Screening introduced by George Stevens Jr. via Zoom, Founder of the American Film Institute, son of director George Stevens, author of “My Place in the Sun: Life in the Golden Age of Hollywood and Washington”
A classic depiction of the 20th century transformation of the American West, Giant is a sweeping saga of jealousy, racism and the clash of cultures set in the vast Texas oilfields. Wealthy rancher Bick Benedict (Rock Hudson) and dirt-poor cowboy Jett Rink (James Dean) both woo Leslie Lynnton (Elizabeth Taylor), a beautiful young woman from Maryland, who is new to Texas. She marries Benedict, but is shocked by the racial bigotry of the White Texans against the local people of Mexican descent. Rink discovers oil on a small plot of land and uses his vast, new wealth to buy all the land surrounding the Benedict ranch. Meanwhile, Benedict’s prejudice fuels conflict that runs across generations.
Edna Ferber’s novel Giant was said to have been based on the life of Texas oil mogul Glen McCarthy. The film was shot on location in Marfa and Valentine in Texas and Charlottesville, VA. The large Benedict estate was built at the Warner Bros. prop department and shipped to the Worth Evans Ranch, twenty-one miles from Marfa, where the facade remains. The oil derricks seen in the film were also built in Hollywood and transported to the Texas film site.

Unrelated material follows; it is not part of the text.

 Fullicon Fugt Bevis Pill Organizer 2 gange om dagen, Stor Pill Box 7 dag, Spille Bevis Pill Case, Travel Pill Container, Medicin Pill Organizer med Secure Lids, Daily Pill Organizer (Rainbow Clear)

Contemporary reviews for the film praise its direct and unflinching portrayal of racism. On September 30, 1955, four days after filming his final scenes, Dean was killed in a car crash near Salinas, making it his last film appearance.
Restored by Warner Bros. in collaboration with The Film Foundation. Special thanks to George Stevens Jr., Martin Scorsese, and Steven Spielberg.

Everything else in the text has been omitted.